Esta situación es posible que se acreciente con la distribución "de común acuerdo por las personas empleadoras y trabajadoras", de la distribución de las 40 horas a la semana, pues como he dicho, los patrones (que ahora se llaman empleadores) no mantienen una relación de participación democrática de los trabajadores respecto de su tiempo de trabajo, sino por el contrario, aunque la Ley Federal del Trabajo señala una jornada de ocho horas diarias, lo cierto es que esas jornadas en muchas empresas han quedado en desuso, pues a los empleados se les asignan cargas de trabajo por las que no pueden retirarse sino hasta terminarlas, y esas cargas se prolongan hasta 10 y 12 horas por el mismo salario, pues muchísimas empresas "desconocen" lo que son los tiempos extraordinarios.
Y aquí se me dirá: ¿Y por qué esos trabajadores no denuncian a la empresa ante las autoridades laborales? Es la misma pregunta: ¿Y por qué no forman un sindicato?

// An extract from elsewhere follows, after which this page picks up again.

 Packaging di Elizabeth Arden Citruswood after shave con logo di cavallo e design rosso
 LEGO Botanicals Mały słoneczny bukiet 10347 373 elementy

Las razones son obvias: porque de inmediato la patronal despide al trabajador (hasta en la Comisión Nacional de Derechos Humanos despidieron a los trabajadores por intentar formar un sindicato) y la situación en las calles no fácil. Las cifras y gráficas dicen una cosa, pero en las calles el desempleo se ha arraigado y los pocos empleos que se van creando están demeritados y sin seguridad jurídica.
En suma, los trabajadores que imaginaron que con la reforma laboral iban a tener dos días de descanso obligatorio a la semana, es posible que no vean materializado ese sueño; además ahora podrán laborar hasta 12 horas extraordinarias a la semana, pagándose "como salario por este tiempo un cien por ciento más de lo fijado para las horas ordinarias" dice el artículo 123, mientras que con la norma anterior, este monto se pagaría a las primeras nueve horas extraordinarias. ¿Eso es mejor para el trabajador?
A pesar de todo, esperemos que este paso sea positivo para los trabajadores en el sentido de que puedan disponer de más tiempo, entre otras cosas para realizar estudios que le permitan superarse en lo individual y en laboral, pues con la reforma del sexenio pasado al eliminar el outsourcing, millones de trabajadores se vieron afectados al ser convertidos en prestadores de servicios profesionales sin ninguna prestación laboral y facturando quincenalmente. En toda ley y en toda reforma, siempre habrá letras chiquitas que pocos se detendrán a leer.